Le fait d’être propriétaire est aussi un avantage considérable dans son cas. La valeur nette de la maison ne se traduit pas en argent liquide, soit, mais ce pécule – à défaut d’être investi pour la retraite – demeure néanmoins éventuellement accessible en cas de besoin! «Jean et Nathalie pourraient choisir de vendre la maison à 80 ans et dégager ainsi 400 000$, à titre d’exemple, pour assumer la location d’un appartement et bonifier leur portefeuille d’investissement.»

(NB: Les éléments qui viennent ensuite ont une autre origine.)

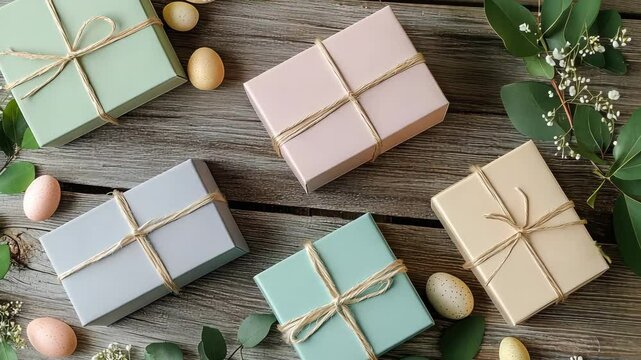Gift boxes in pastel colors are elegantly arranged atop a weathered wooden table. Each box is tied with twine, adding a rustic charm. Surrounding the boxes are small decorative eggs and greenery, crea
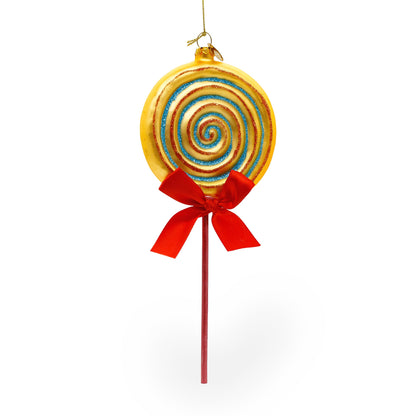 Lollipop on Stick Glass Christmas Ornament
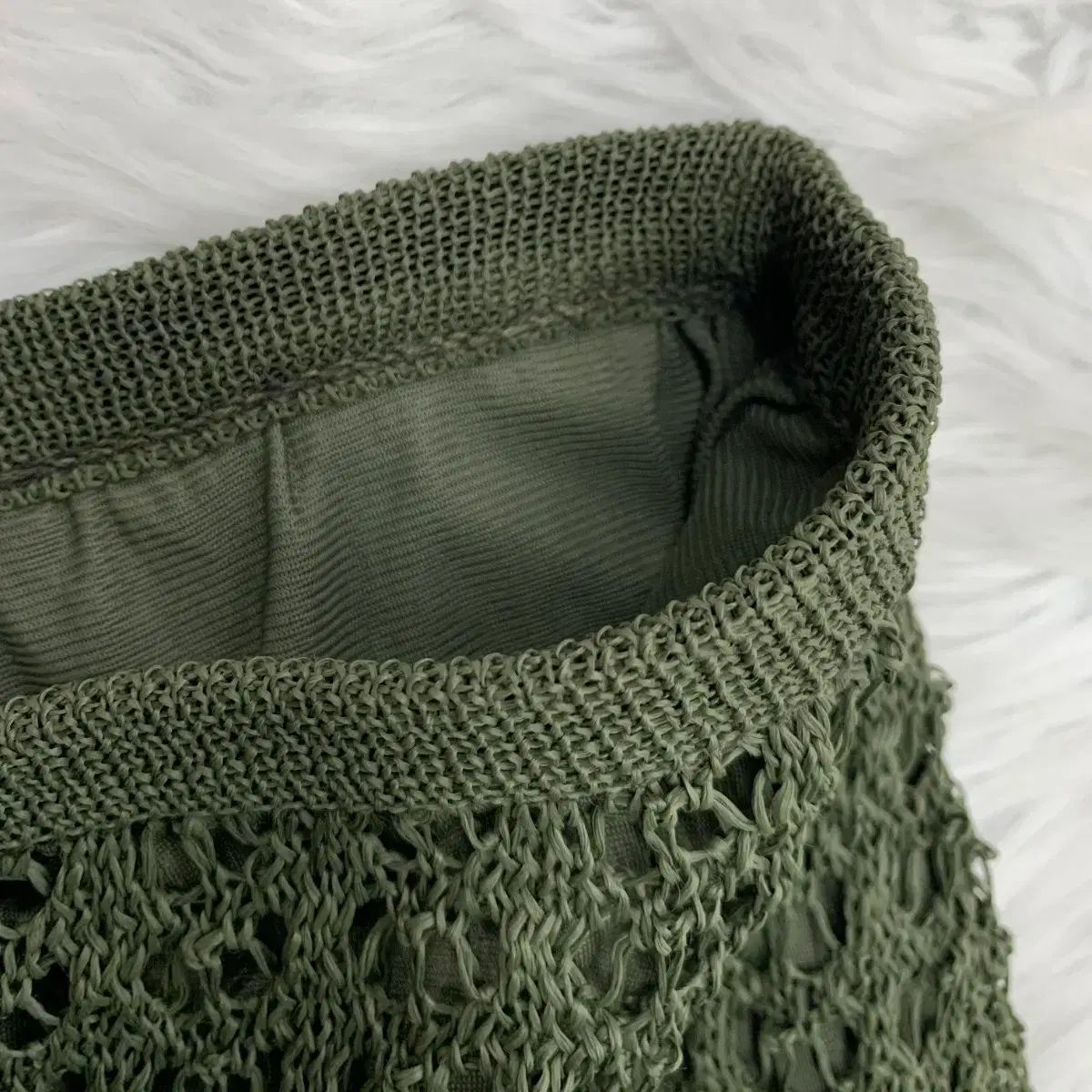 アニエスベー AGNES B カーキ クロシェ ニット ミディ スカート 1749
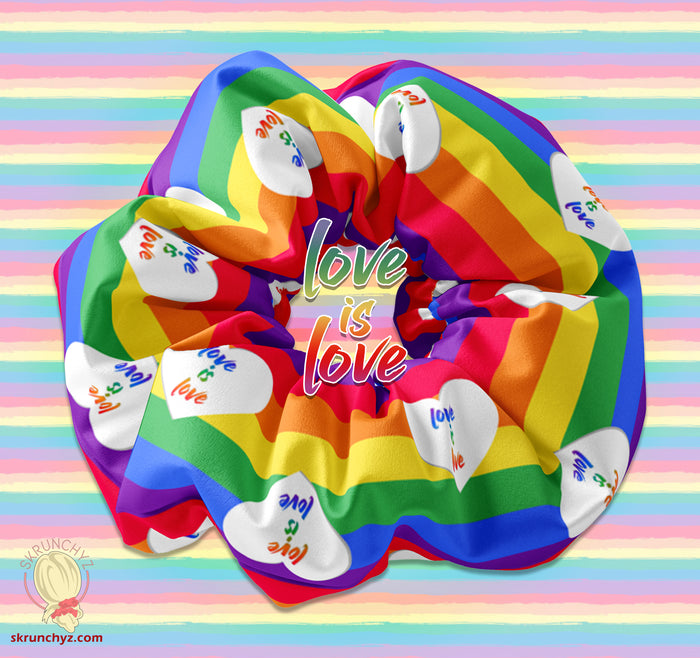 Love is Love Pride Hearts & Rainbow Stripes Scrunchie Hair Tie, Pride Scrunchys, Rainbow Scrunchy Hair Accessory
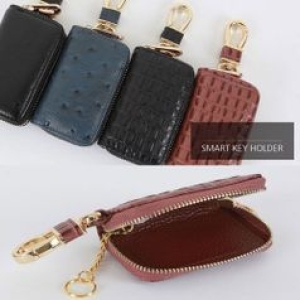 [불명] W652A59  천연 소가죽 자동차키 스마트키 열쇠 지퍼형 키홀더_이미지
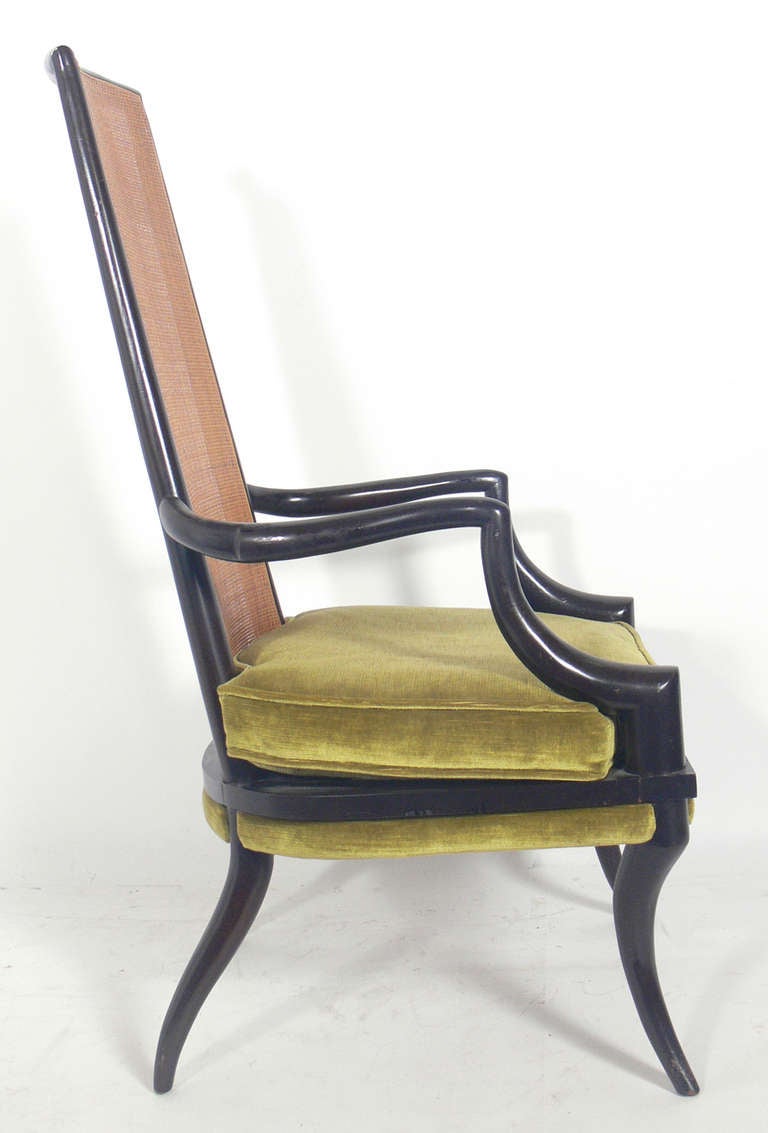 Mid-Century Modern Tall Caned Back Arm Chair with Sculptural Legs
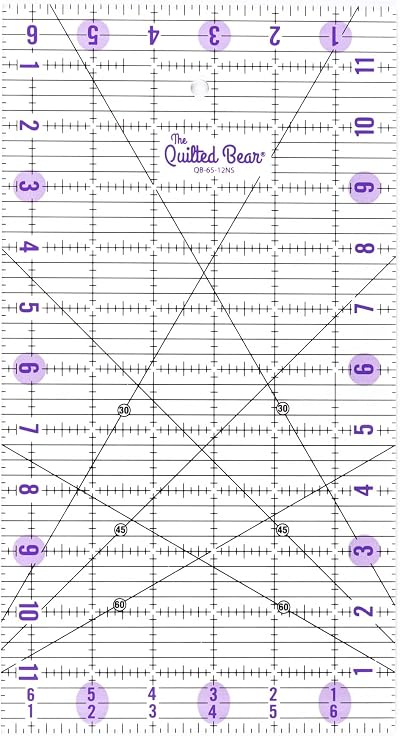 The Quilted Bear Quilting Rulers Transparent Acrylic Non Slip with 30 45 60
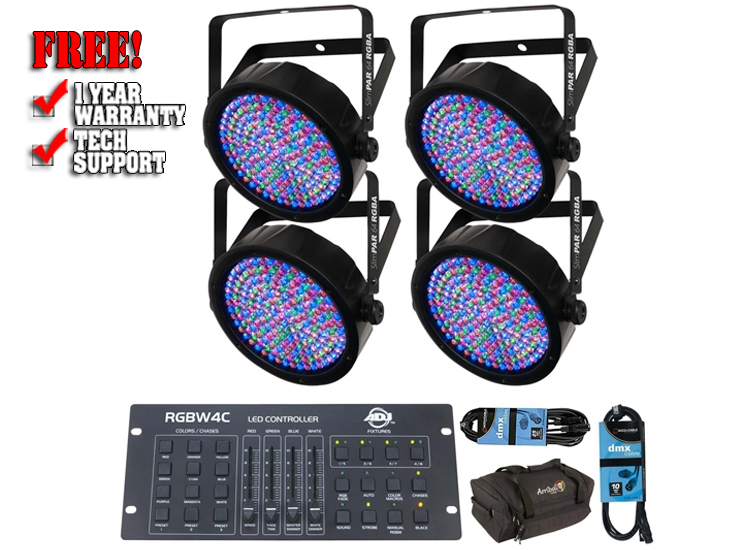 Chauvet DJ SlimPAR 64 RGBA & ADJ RGBW4C Package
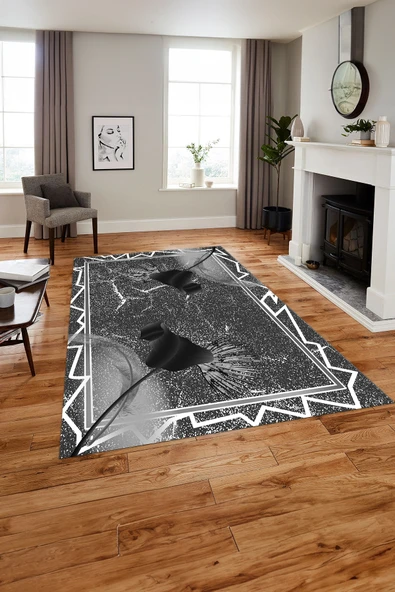 Napoli Home Baskılı Modern Çiçek Kuş Tüyü Yıkanabilir Kaymaz Taban Yolluk Mutfak Salon Halısı ürün görseli 1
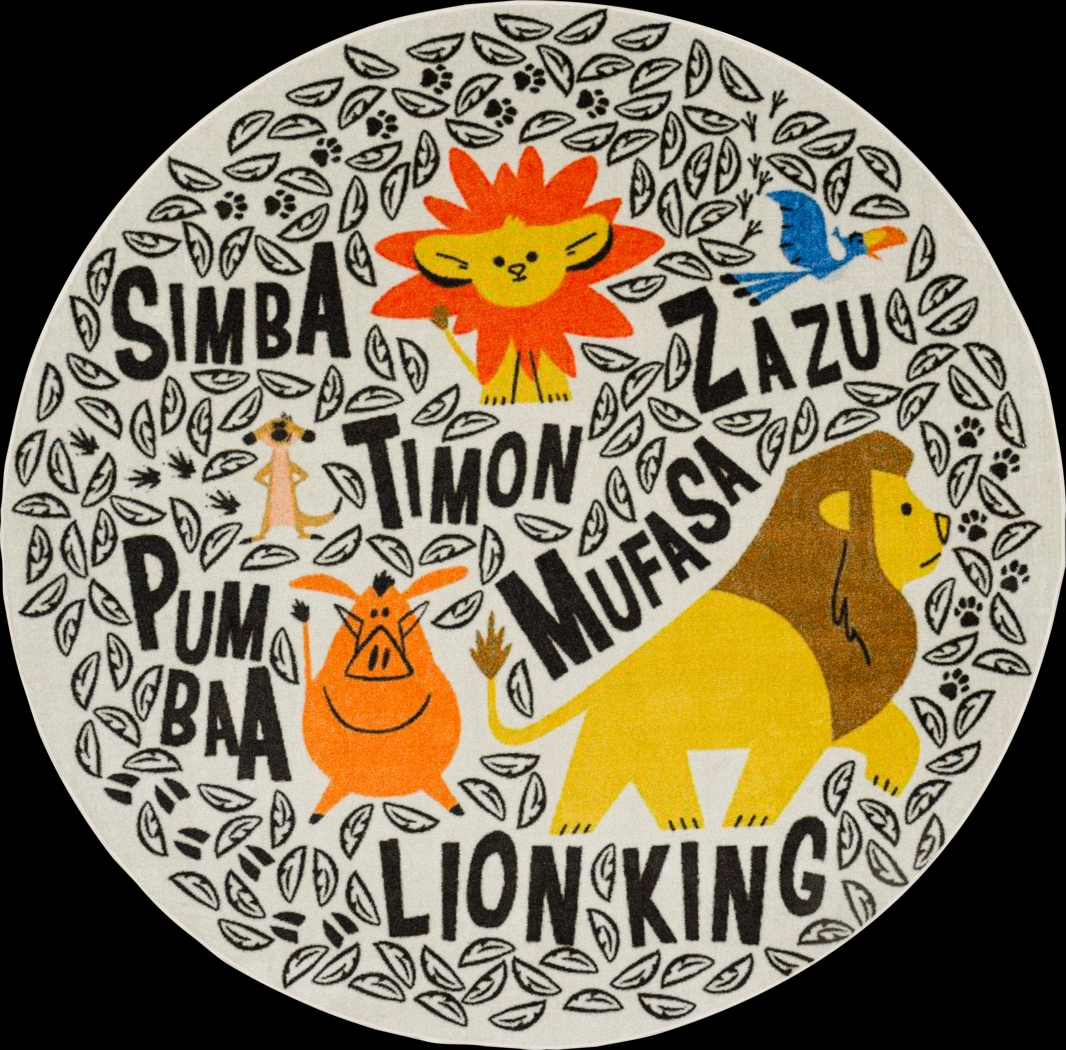 Kids Disney Lion King Friends Multi 5' Round Rug - Thumbnail - Image 1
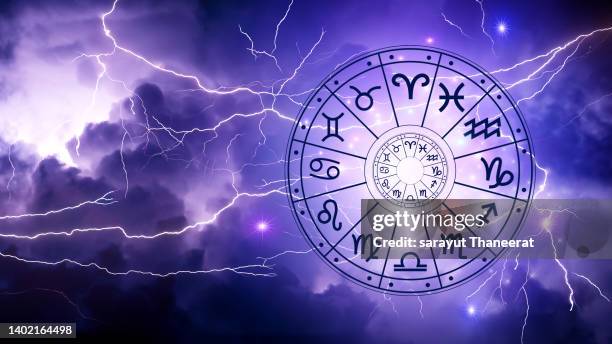 zodiac signs inside of horoscope circle. astrology in the sky with many stars and moons  astrology and horoscopes concept - aquarius foto e immagini stock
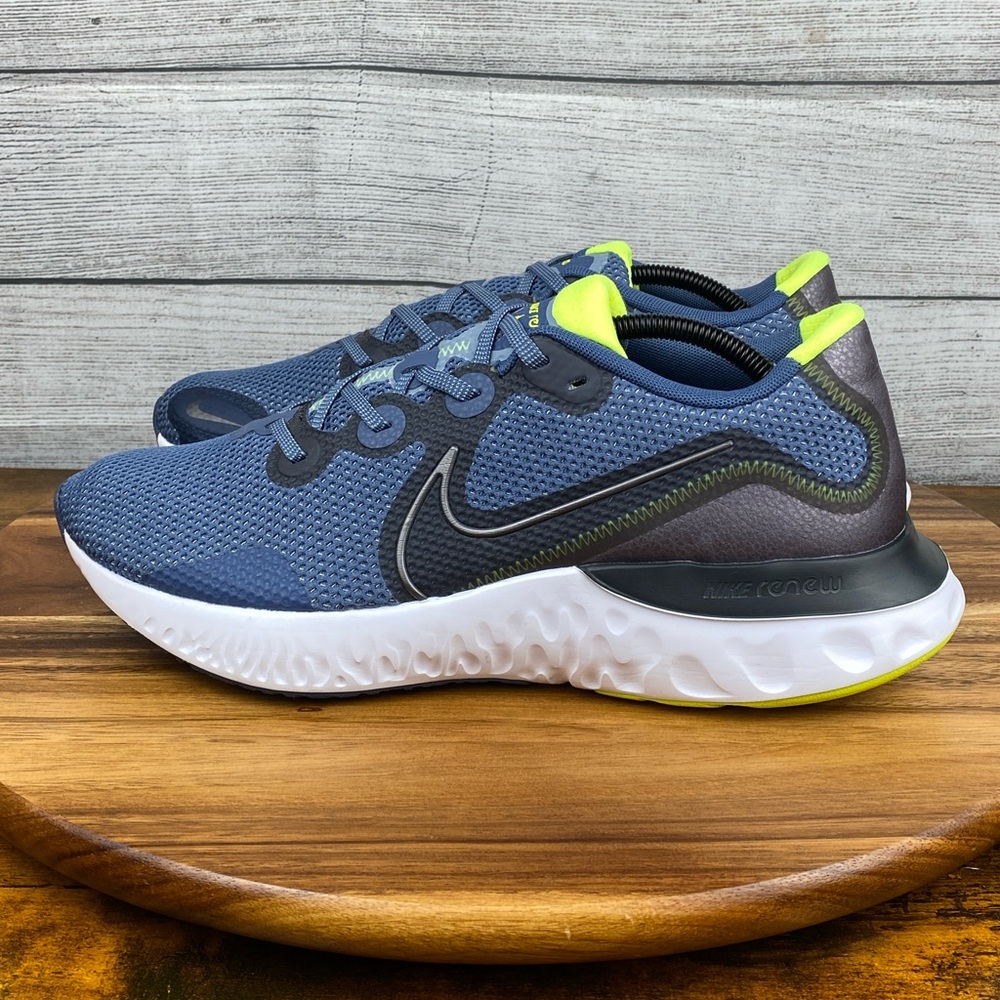 Nike Renew Run Diffused Blue Volt Yellow Shoe CK6357-400 Men’s Sneaker Size 11.5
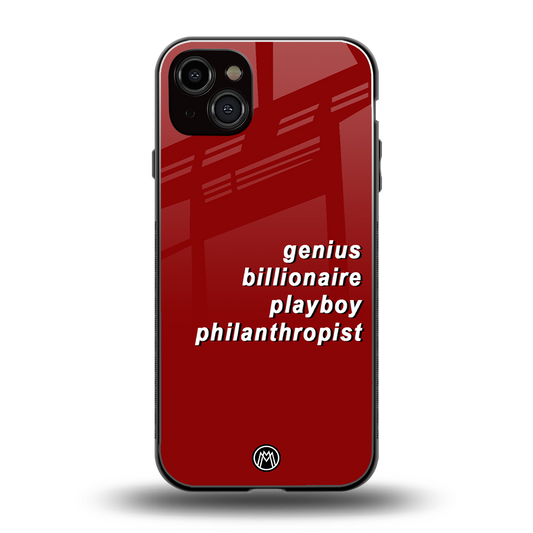 genius billionaire playboy philantrophist back phone cover | glass case for iphone 15 plus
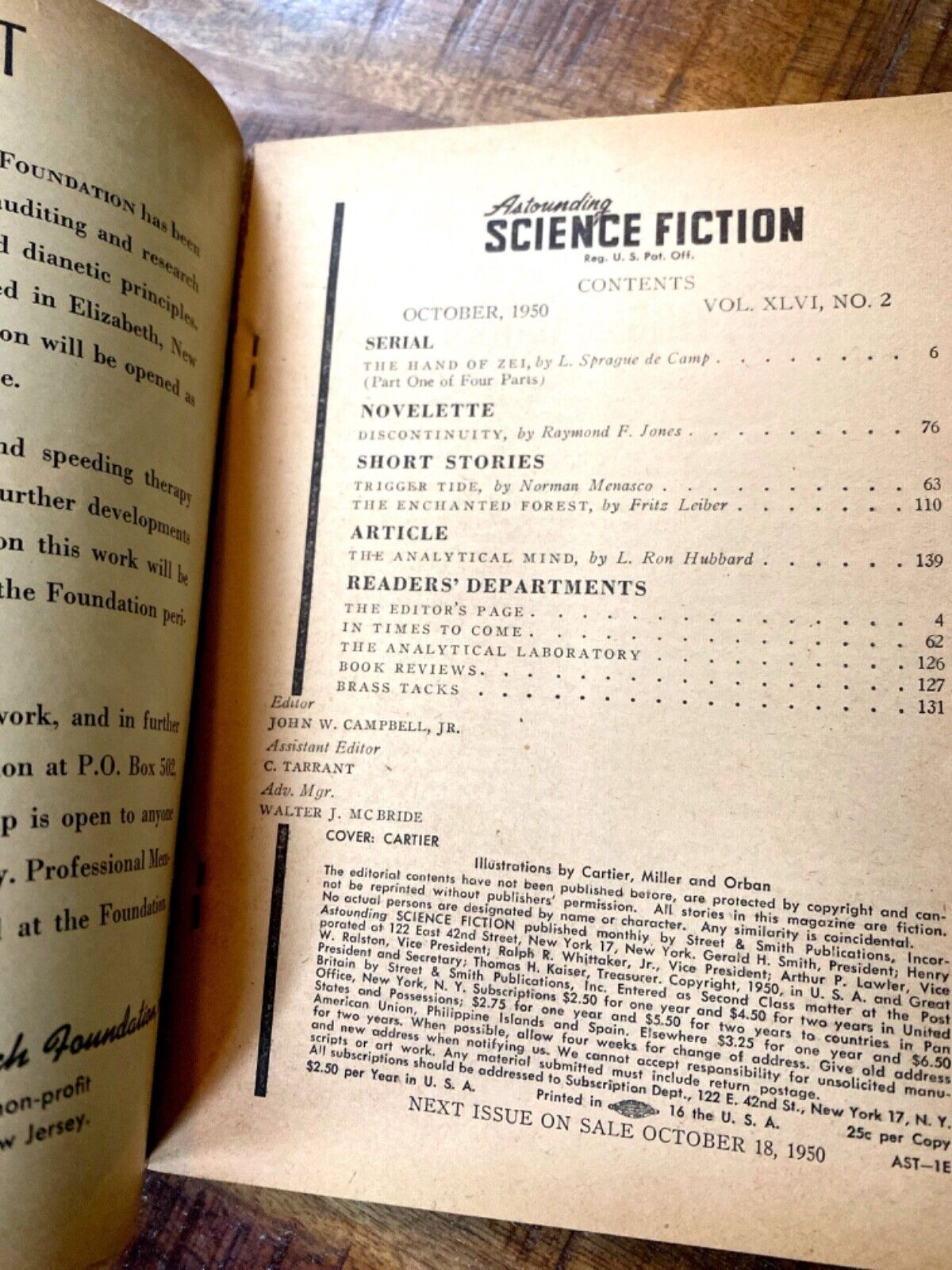 Astounding Science Fiction Volume 46 No. 2 October 1950 L. Ron Hubbard Dianetics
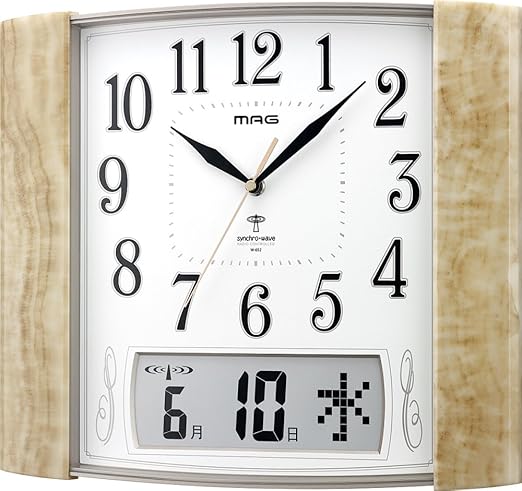 Amazon Co Jp Mag マグ 電波壁掛け時計 マーブルック アナログ表示 石目イエロー W 652sfy ホーム キッチン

Un rappel, en terminant. Dans le cas des gens qui vivent en couple, comme Jean et Nathalie, il ne faut pas envisager de faire les choses séparément. «Un plan de décaissement optimal à la retraite s’assure d’équilibrer le niveau d’imposition au fil du temps et entre les deux conjoints. Plusieurs stratégies fiscales sont offertes pour fractionner le revenu au moment de la retraite», précise la planificatrice financière.

Le résultat prévu

Récapitulons. Avant de se lancer en mode épargne, Jean avait un déficit de 329 000$ à combler pour être en mesure de soutenir son coût de vie annuel prévu de 27 750$ à la retraite. Avec le plan de match échafaudé par Marie-Ève Mc Lean, l’homme de 50 ans aspire désormais à une retraite plus confortable.

«En suivant ces recommandations, Jean pourra compter sur des revenus nets de 25 000$ par année.» Et ce, sans tenir compte d’un rendement supérieur de ses placements et sans même prévoir d’accéder à la valeur nette disponible de sa maison. «Cette planification est sécuritaire: elle se veut le “pire scénario” à envisager, en quelque sorte. Les rendements obtenus pourraient bien être supérieurs à ce 3,4%. Soyons positifs et ne doutons pas du plan», résume ainsi Marie-Ève Mc Lean.